The goddess smiled. "But she chose you two in fairly rapid succession, which means she sees something building that she wants to accelerate."

"What she doesn’t tell people is what she actually sees in them, because the most interesting developments happen when people discover their own potential rather than pursuing someone else’s vision of it."

"That sounds like a very diplomatic way of saying she doesn’t explain herself," Elise said.

"It is," Apsharathevi agreed pleasantly.

Around them the feast continued its progress toward the formal seating and the meal proper, the hall’s energy shifting as people began moving toward the long tables. Vikram was visible across the room, talking to another agent with perfect normalcy, no indication in his bearing that he’d reduced Jake to controlled breathing at five meters simply by existing in proximity.

Jake watched him and committed the encounter to memory alongside Karut, alongside the Ghoul King, alongside every experience of being genuinely outmatched that had accumulated since the awakening. Each one had the same lesson underneath it.

Growing took time. Skipping the process cost more than the time saved.

"Will we see you at the table?" Apsharathevi asked, gesturing toward the hall’s center where seating was being arranged.

"We’ll find our place," Jake said.

"The lower end of the secondary table," Nadya said, with honesty rather than cruelty.

"Where Asurani’s covenant seats. It’s fine. The food is the same regardless of which table it comes from, and the conversations at the lower tables are usually more honest than the ones closer to the divine section."

"Why?" Elise asked.

"Because people performing for their gods are exhausting to be around," Nadya said simply. "And the lower tables have fewer of them."

Apsharathevi smiled and touched her agent’s shoulder lightly.

"Come. And perhaps," she added to Jake and Elise, "we can speak more during the meal. There are things about tonight’s other attendees that would be useful for Asurani’s new agents to know, and I find I prefer to share useful information with people who will actually use it."

She moved toward the tables with Nadya beside her, and Jake watched them go before looking at Elise.

"She’s genuine," Elise said quietly.

"Yes," Jake agreed.

"Which makes her either the most trustworthy person in this room or the most dangerous."

"Could be both."

"Usually is," Jake said, and they moved toward the secondary table to find their seats at the lower end, exactly where Nadya had said they’d be.

The feast of agents settled into its formal stage, and Jake sat with the accumulated weight of the evening’s education pressing down alongside the food and wine.

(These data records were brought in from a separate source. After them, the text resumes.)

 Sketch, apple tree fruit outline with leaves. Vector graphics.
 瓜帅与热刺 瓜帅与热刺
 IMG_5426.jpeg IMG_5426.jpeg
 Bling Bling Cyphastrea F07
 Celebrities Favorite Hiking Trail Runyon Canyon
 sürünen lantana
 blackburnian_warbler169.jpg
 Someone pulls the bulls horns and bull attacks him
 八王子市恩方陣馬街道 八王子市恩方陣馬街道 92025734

Most gods weren’t present in the palace, and they only sent their agents, and those agents didn’t even notice Jake and Elise, let alone talk to them. There were practically invisible for the rest of people.

But it didn’t bother them, Jake just continued to observe people and study everyone present in the palace, because information was like a treasure and it will be quite useful in the coming days.